Ramalan Dana Moneter Internasional (International Monetary Fund/IMF) menunjukkan pelemahan ekonomi bisa terjadi imbas tarif resiprokal yang diterapkan Presiden Amerika Serikat (AS) Donald Trump. IMF memangkas prediksi pertumbuhan ekonomi Indonesia pada 2025 dari 5,1% menjadi 4,7%.
Pihak istana buka suara soal ramalan kurang mengenakkan yang diungkapkan IMF. Menurut Menteri Sekretaris Negara Prasetyo Hadi, lembaga macam IMF memang sah-sah saja memberikan prediksi ekonomi. Namun, dia menegaskan hari ini ekonomi Indonesia justru diliputi optimisme.
Optimisme itu, kata Prasetyo, dibangun berdasarkan data-data yang selama ini sering dijelaskan pemerintah lewat menteri-menteri ekonomi dalam Kabinet Merah Putih.
“Jadi tidak ada masalah kalau ada pandangan dari IMF tapi kita percaya diri, kita yakin dengan kerja sama semua pihak, baik pemerintah, sektor swasta, para teman-teman saudara-saudara kita buruh, para pekerja dan masyarakat mari kita bersama-sama, kita bangun ekonomi kita ke depan dengan penuh optimisme,” sebut Prasetyo kepada wartawan, Rabu (30/4/2025).
Dia mengklaim pondasi ekonomi Indonesia cukup kuat, cukup stabil dengan tingkat pertumbuhan ekonomi tinggi di kisaran 5% yang terjaga. Selain itu, inflasi secara nasional juga terjaga dengan baik, salah satu yang terendah di dunia. Data inflasi terakhir menunjukkan per Maret 2025 inflasi hanya sebesar 1,65% secara bulanan (month to month/mtm) dan 1,03% secara tahunan (year on year/yoy).
“Konsumsi rumah tangga kita juga terjaga, iklim investasi kita juga terjaga terbukti dengan tercapainya target investasi di triwulan pertama,” papar Prasetyo.
Di satu sisi secara intensif pemerintah juga terus berusaha untuk menawarkan deretan potensi kerja sama investasi untuk menggenjot perekonomian Indonesia. Pemerintah juga sedang mempelajari kembali regulasi yang sekiranya memperlambat proses investasi dalam rangka gerakan deregulasi untuk memberikan kemudahan berusaha.

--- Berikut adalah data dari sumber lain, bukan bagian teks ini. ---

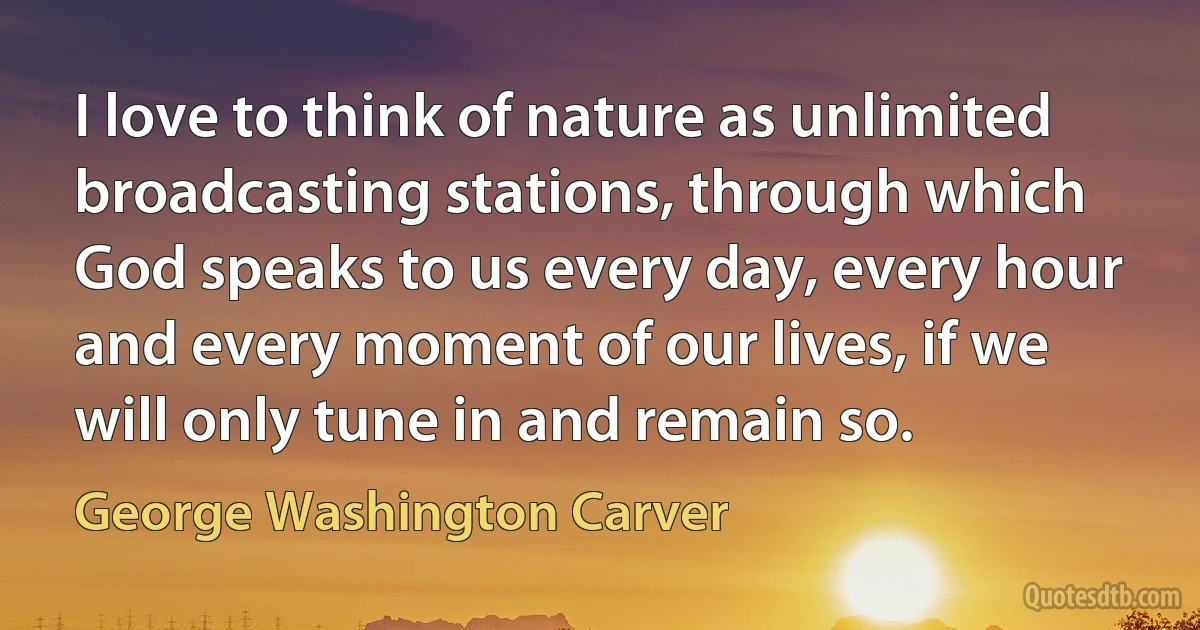 I love to think of nature as unlimited broadcasting stations, through which God speaks to us every day, every hour and every moment of our lives, if we will only tune in and remain so. (George Washington Carver)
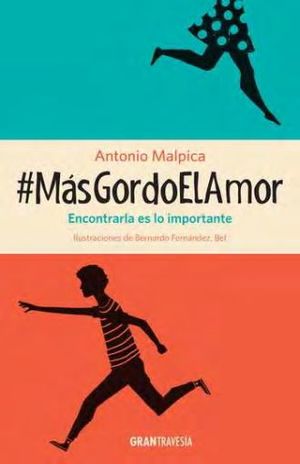 #Más gordo el amor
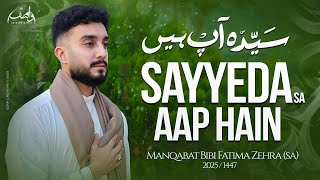 Download Lagu Bibi Fatima Manqabat 2025 - 2026 | Syeda Aap Hein | Syed Wasif Abideen Naqvi | New Manqabat 2026 MP3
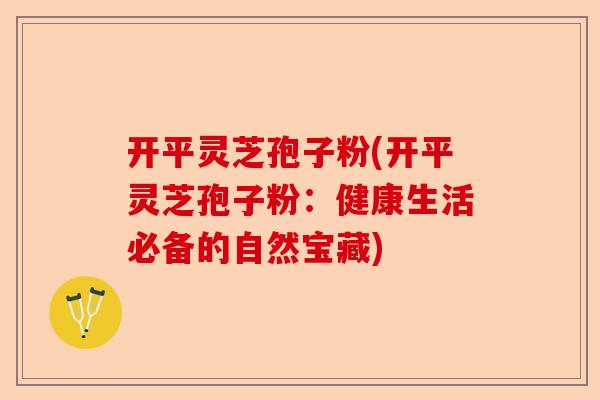 开平灵芝孢子粉(开平灵芝孢子粉:健康生活必备的自然宝藏)-第1张图片-卓越灵芝孢子粉 开平灵芝孢子粉(开平灵芝孢子粉:健康生活必备的自然宝藏)-第1张图片-卓越灵芝孢子粉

Prasetyo juga bicara soal tingginya harga emas yang dianggap sebagai simbol pelemahan makro ekonomi di Indonesia. Menurutnya, ada dua faktor utama meroketnya harga emas di Indonesia dan hal itu terjadi bukan karena melemahnya ekonomi dalam negeri.

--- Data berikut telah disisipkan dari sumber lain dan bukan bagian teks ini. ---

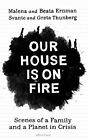 Our House Is On Fire: Scenes Of A F..., Thunberg, Svant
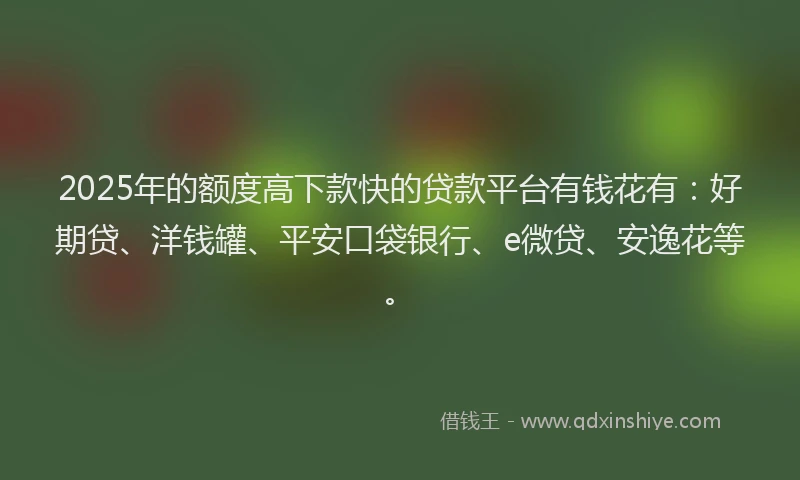 2025年的额度高下款快的贷款平台有钱花有：好期贷、洋钱罐、平安口袋银行、e微贷、安逸花等。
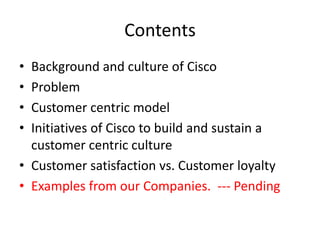 Contents
• Background and culture of Cisco
• Problem
• Customer centric model
• Initiatives of Cisco to build and sustain a
  customer centric culture
• Customer satisfaction vs. Customer loyalty
• Examples from our Companies. --- Pending
 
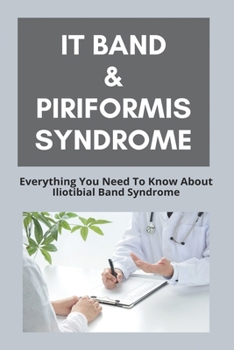 Paperback IT Band & Piriformis Syndrome: Everything You Need To Know About Iliotibial Band Syndrome: How To Treat Piriformis Syndrome Book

Faktor yang pertama adalah kenaikan harga emas memang terjadi di seluruh dunia yang dipicu oleh beberapa hal di antaranya karena situasi geopolitik dan geoekonomi. Hal ini membuat permintaan terhadap emas sebagai komoditas safe haven naik secara signifikan dan ini menyebabkan mekanisme pasar bekerja sehingga harga emas ikut naik.
Faktor kedua, menurut Prasetyo, masyarakat Indonesia banyak yang menganggap emas adalah instrumen investasi yang aman dan stabil. Belum lagi saat ini pergerakan harga emas cenderung naik menyebabkan masyarakat kita terdorong juga untuk berinvestasi ke bentuk emas.
“Apalagi semenjak kita untuk pertama kalinya punya bank emas, bank bullion yang beberapa waktu lalu diresmikan presiden sehingga masyarakat punya kesempatan untuk investasi emas dengan jauh lebih baik dan aman,” papar Prasetyo.
Dia menekankan anggapan kenaikan harga dan permintaan emas menjadi sinyal kekhawatiran kondisi ekonomi, saya kira itu berlebihan.
“Kalaupun ada masukan atau pandangan kami harap kita semua memberikan pandangan konstruktif dan berikan optimisme terhadap kondisi ekonomi kita,” sebut Prasetyo.
“Kami sampaikan terima kasih dan rasa penghormatan terhadap pandangan yang bagi kami bagi kita semua kita jadikan sebagai peringatan untuk kita terus waspada di dalam mengelola perekonomian kita dan rumuskan kebijakan kebijakan ekonomi bangsa kita,” lanjutnya menutup.